Every Bengali has an editorial on the tip of their tongue, and a question mark poised on an eyebrow. The volcanic issue making a difference is corruption. Even those who will vote for Mamata Banerjee cannot hide their anger at viral venality. The peasant is not a moralist. He asks: Why doesn’t she steal from the rich? When a local goon extracts `40 for every sack of potatoes sold, it is theft from the poor. The police station is useless. What has hurt the government most is fraud in the education department, where teachers were hired by the size of the bribe. Bribery in teacher recruitment was theft of a child’s future.

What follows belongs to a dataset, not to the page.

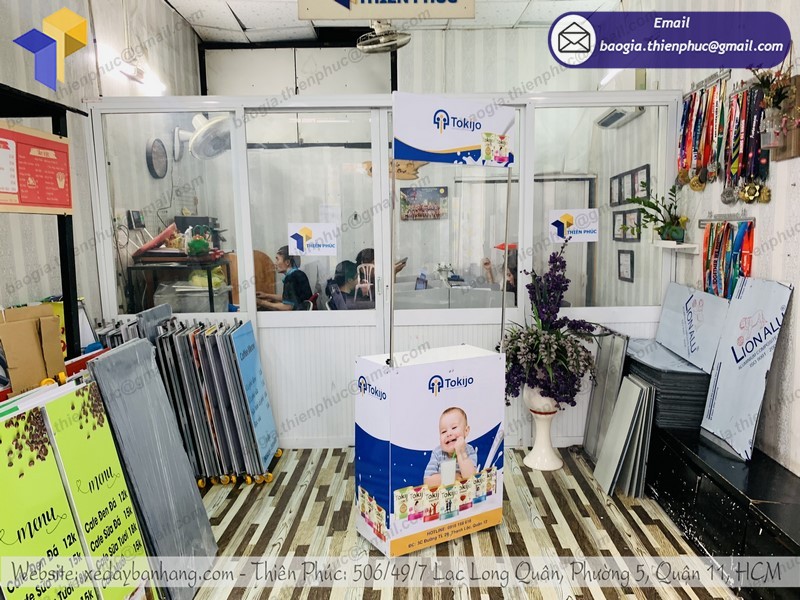 quầy sắt quảng cáo mini đẹp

No party accepts defeat until results are declared, and there is no reason to. Predictions should be devalued by 50 per cent, for they are wrong half the time. But the state has seen the crowds flocking to Prime Minister Narendra Modi’s rallies. Irrespective of how the numbers pan out on counting day, the decline in Mamata Banerjee’s vote is evident. The young have turned away. As another electoral festival arrives in the religion of Indian democracy, there is a growing feeling that change, the leitmotif of democracy, might be in the air. The betting market, which makes money out of a gamble rather than a guarantee, gave Mamata Banerjee around 180 seats in March. It has changed the odds. It estimates that the advantage is now with BJP. Bengal is gripped with the excitement of uncertainty.
April is the season of Kal Baishakhi in Bengal, pre-monsoon Nor’westers which appear suddenly, electrify the darkened evening skies with horizon-wide lightning and water the earth with intense downpour. Kal Baishakhi signifies both destruction and relief. Bengal seems to be waiting for a thunderstorm out of clear skies.